(TASK PROMPT)
Although the entries contain pictures, only their words should be duplicated exactly.

Short text fragments from websites
· · · · ·
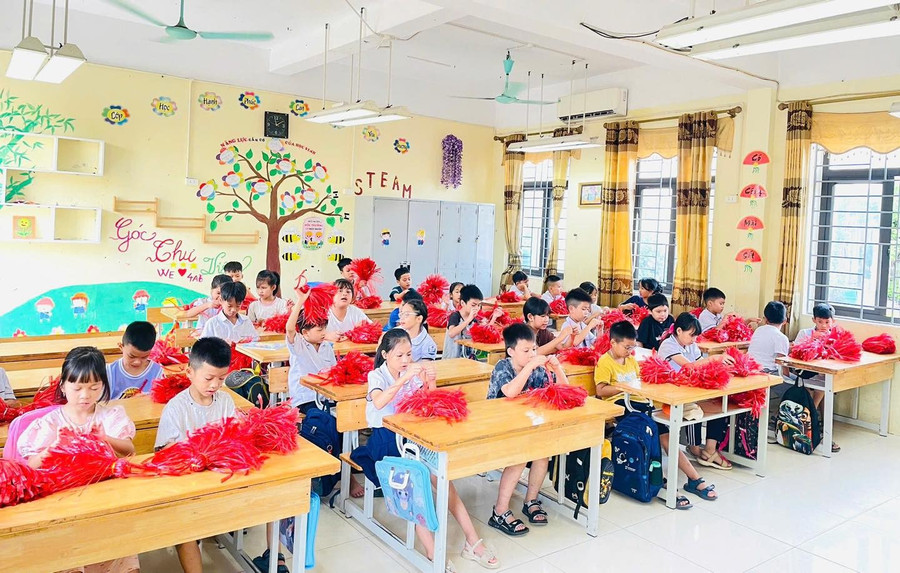 Học sinh làm những bông hoa thủ công với sự tỉ mỉ, tập trung. la-0.jpg
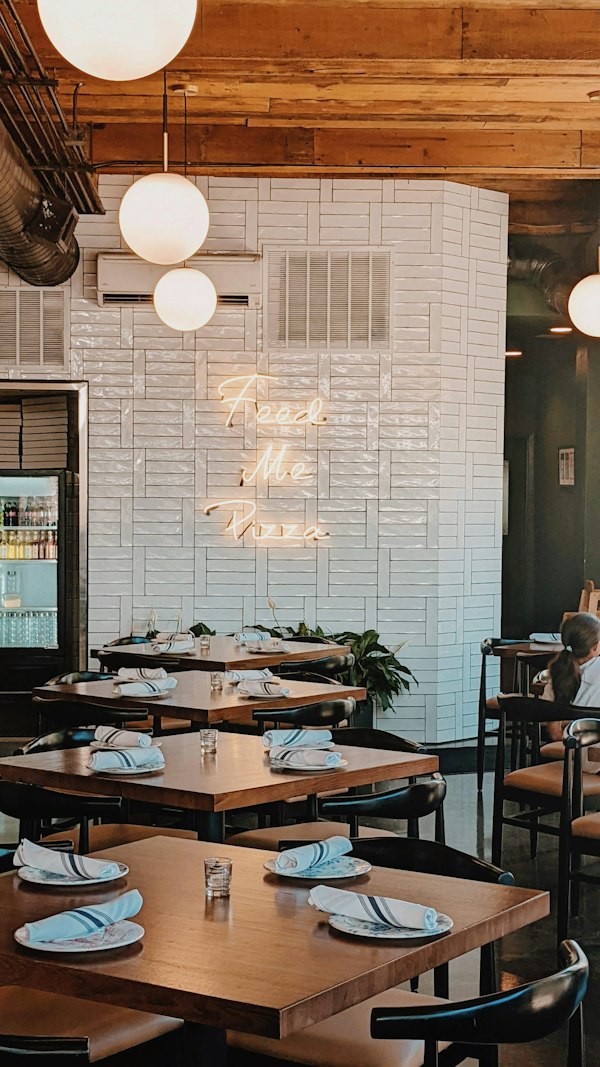 Waves restaurant ambience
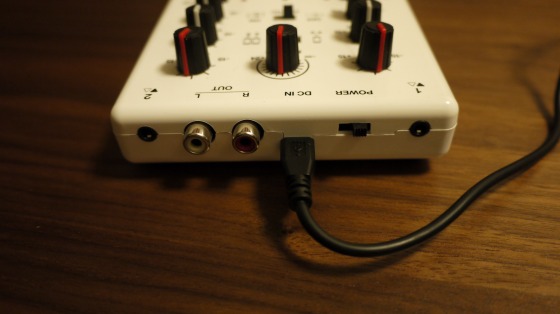 iOSデバイスを使ったDJやライブに最適なモバイルミキサー「IK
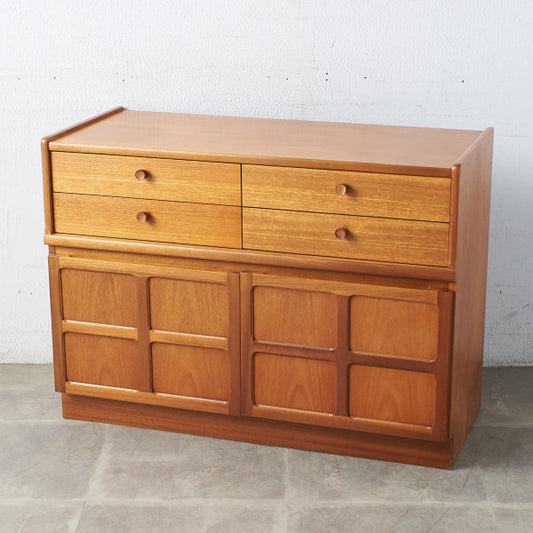 十字扉 ヴィンテージ サイドボード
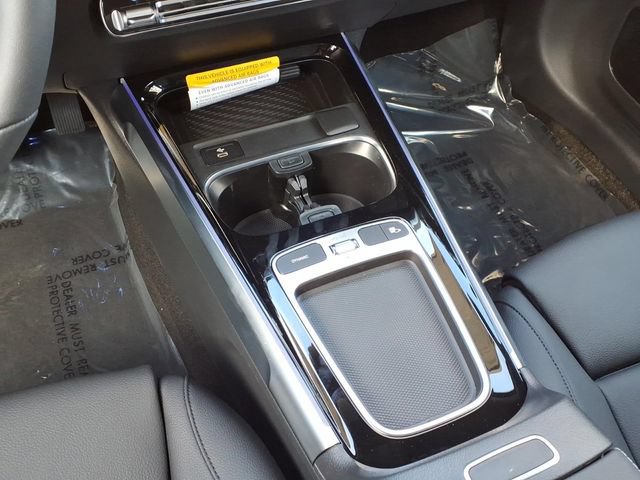 New 2026 Mercedes-Benz GLB 250 4MATIC image 7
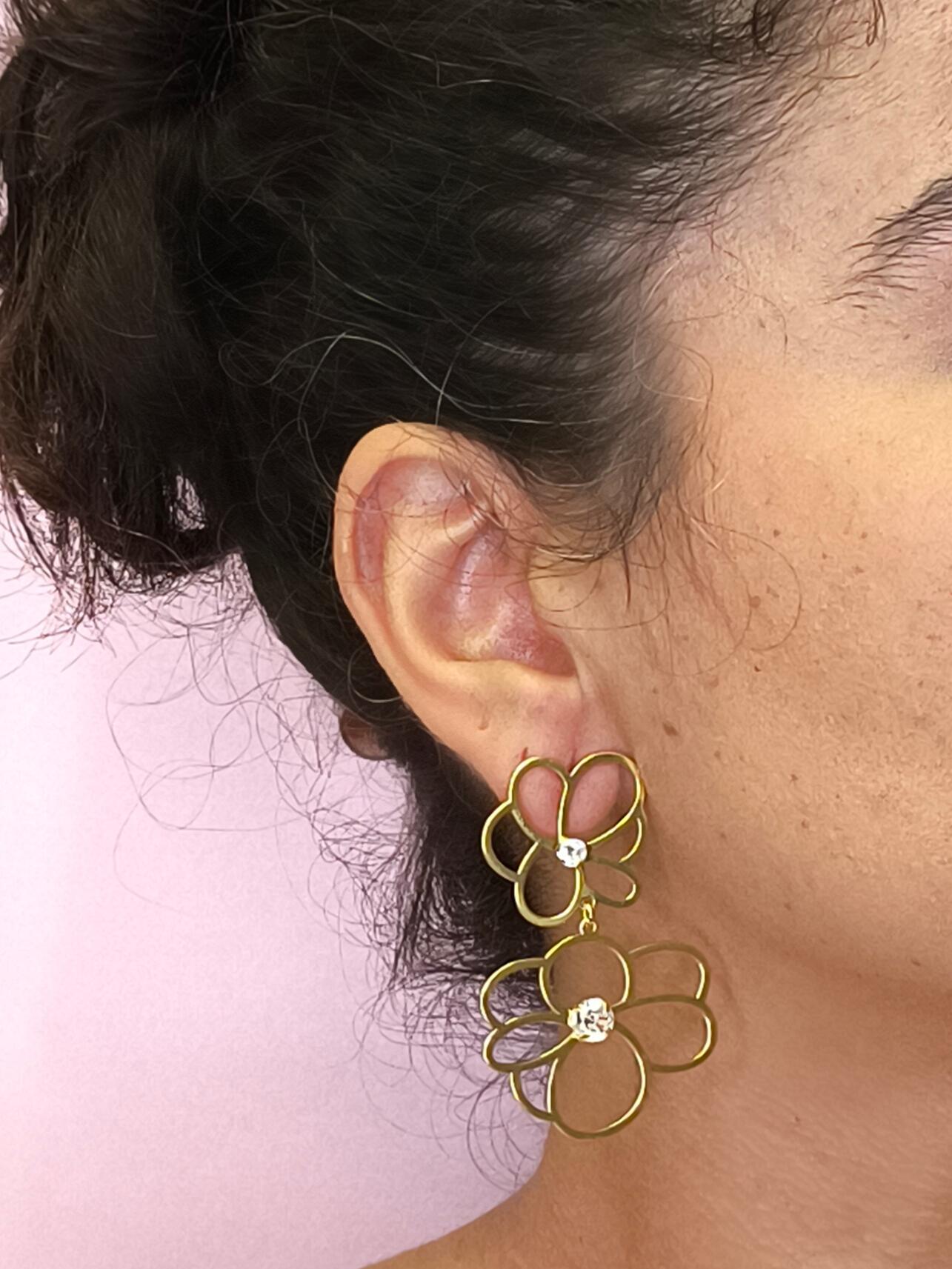 Brinco Peônias 2: Elegância Floral Com Brilho Intenso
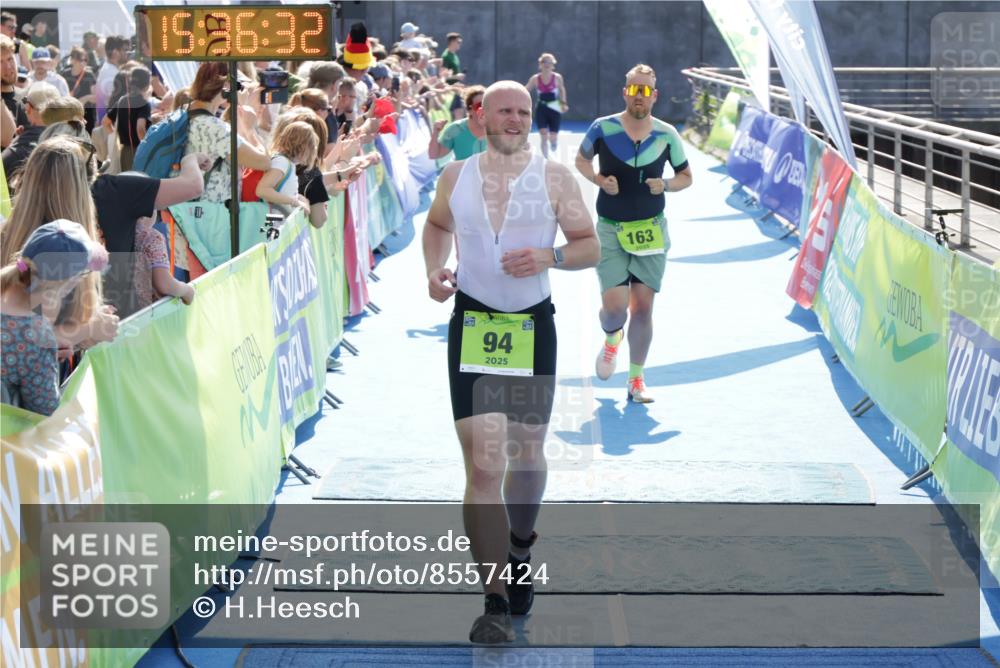 10.08.2025 - GEWOBA Citytriathlon Bremen H.Heesch http://msf.ph/oto/8557424 10.08.2025 15:36:36 Ziel 94, 163, 520 meine-sportfotos.de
· · · · ·
(REPLY TO THE EXERCISE)
 Học sinh làm những bông hoa thủ công với sự tỉ mỉ, tập trung. la-0.jpg
 Waves restaurant ambience
 iOSデバイスを使ったDJやライブに最適なモバイルミキサー「IK
 十字扉 ヴィンテージ サイドボード
 New 2026 Mercedes-Benz GLB 250 4MATIC image 7
 Brinco Peônias 2: Elegância Floral Com Brilho Intenso
 10.08.2025 - GEWOBA Citytriathlon Bremen H.Heesch http://msf.ph/oto/8557424 10.08.2025 15:36:36 Ziel 94, 163, 520 meine-sportfotos.de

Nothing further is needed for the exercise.